With the call thus ended, Aaron Doyle rose from his chair and stood. His pains notwithstanding, he felt a new energy burning within him at the prospect of the days just ahead.
He walked to his study and sat down in his tall leather chair near the waiting chessboard, and then he addressed the identical but empty seat—William Merchant’s seat—on the other side.
“I see what you’ve tried to do, William,” Doyle said. “You’re trying to use my own pieces against me. But patience was never your strength, and I’m afraid you’ve acted rashly now and shown your hand a bit too soon. Truth, and love, and virtue, those were always your favorite weapons in this old war of ours.”
He leaned forward, and could almost see his old opponent seated in the opposite chair.
“But as you’ll remember, William, revenge is mine.”
Chapter 32
Arthur Gardner had never been one to take much pleasure in simple things.
Food and drink were occasional necessities, friends a seductive risk with only superficial benefits. And sleep—sleep was a thief of precious time and the persistent bringer of unwanted dreams.
As he sat, long past midnight at the head of the empty table in his private conference room, he reflected on these and other things, and in the quiet, he wondered.
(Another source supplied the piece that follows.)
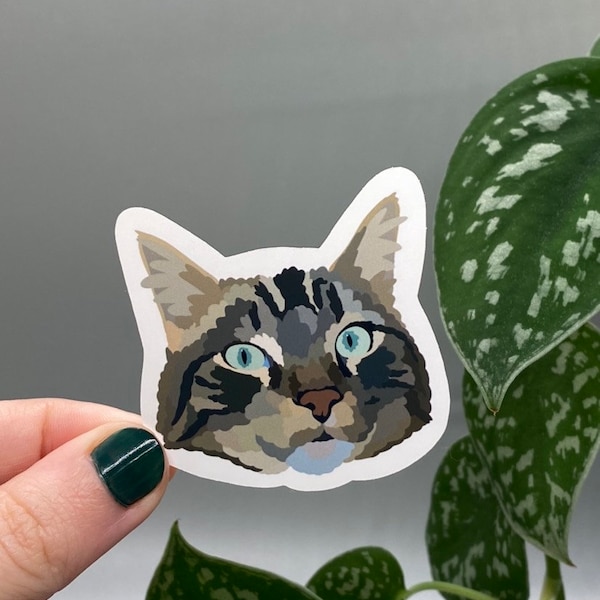 Longhaired Tabby Cat Sticker - Cute Cat Stickers -  Fluffy Cat Mom - Meow - Cat Owner - Domestic Long Hair - Mackerel Tabbies - Striped Cats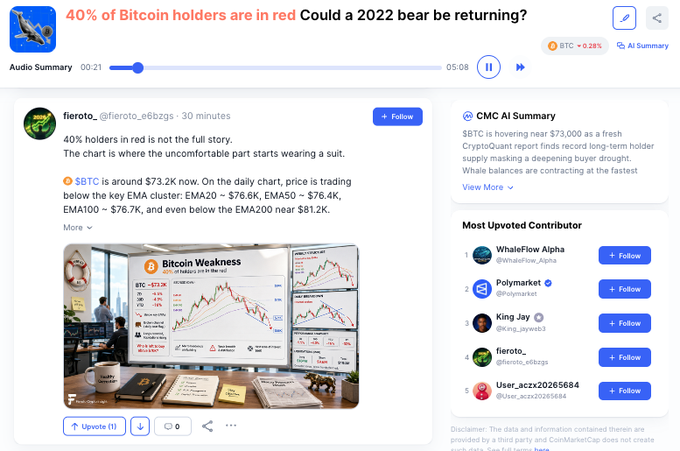 The image shows a screenshot of a webpage featuring information about Bitcoin, particularly focusing on its current trading situation. The headline reads "HOT TOPIC: Bitcoin'S whales just hit the brakes 40% of $BTC is now underwater while the biggest structural buyers go quiet". This indicates that many Bitcoin users are either selling or buying, causing a significant impact on the market dynamics. Additionally, there is a chart displayed showing how Bitcoin values have dropped over time, which can be seen as yet another indicator of its current state. The image also includes a message about a post related to Bitcoin in the form of a caption.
These halls were filled with a visual record of his accomplishments. Doyle & Merchant, the company he’d helped build from modest beginnings, would live on and speak its own memorial, carved as it was into the very skyline of Manhattan. Yes, with it all nearly over he found he knew very clearly what he had done with his life. It was all the things he’d missed along the way that now consumed him.
The media wall before him flashed its ever-changing torrent of images and messages. From where he sat, he could shift its content as he chose, just by gesturing, and he did so.
A solid wall of marketing communications was the first category to come up on the display. Advertising was a dark art somewhat related to his own. From what he saw, the primary challenge these days seemed to be how best to portray young people—supposedly living exciting and enviable lives—while they did nothing but stare nonstop into the little glowing screens in their hands. Ads for re
ality shows, ads for helpful chronic pharmaceuticals, ads for luxury vehicles, ads for bankruptcy advisors, ads for credit cards: in every stage of decline there were still desires to be stoked and needs to be created, and a last bit of money in the public’s pocket to be fought over and won.
His own business model was not centered in luring the gullible into wanting things they didn’t need. Instead, he made them know things, and love and hate things, and fear things, and thereby he made them do things, and the profit in that had proven nearly limitless. Despite the exorbitant fees he charged, the process was actually pretty simple: make the people learn and remember lies while burying the very truths that could save them.
And if those frightening, liberating truths should ever come to light, what then? Would it make any difference? Now, with mankind facing the final precipice, could any revelation be powerful enough to open their eyes and turn the tide?
We would see. He’d done what he could, as his wife had asked. He’d set a last, far-fetched opportunity into motion, put the intrepid players in position, and then stood aside. It was out of his hands now; the rest was destiny.
“Sir?”
Warren Landers stood at the open door.
“Yes?”
“I know it’s late but I’m glad I found you here. There’s a problem in the London office and I’m afraid they need your thoughts.”
Arthur Gardner sighed, and nodded. “We can do a conference call from here, I believe.”
“No, our links are down and we don’t have any techs on the night shift to make it happen. I’ve arranged for a video call at a vendor on Sixth Avenue. Come on, I’ll drive you there.”
Gardner met the gaze of the other man and waited, let a grim understanding pass between them, then he nodded once again, closed his book, and stood. Everything was in order, after all; he’d seen to that. There was no need for fighting it, then. He already knew his end was near, and he supposed this was as good a time as any to let it come.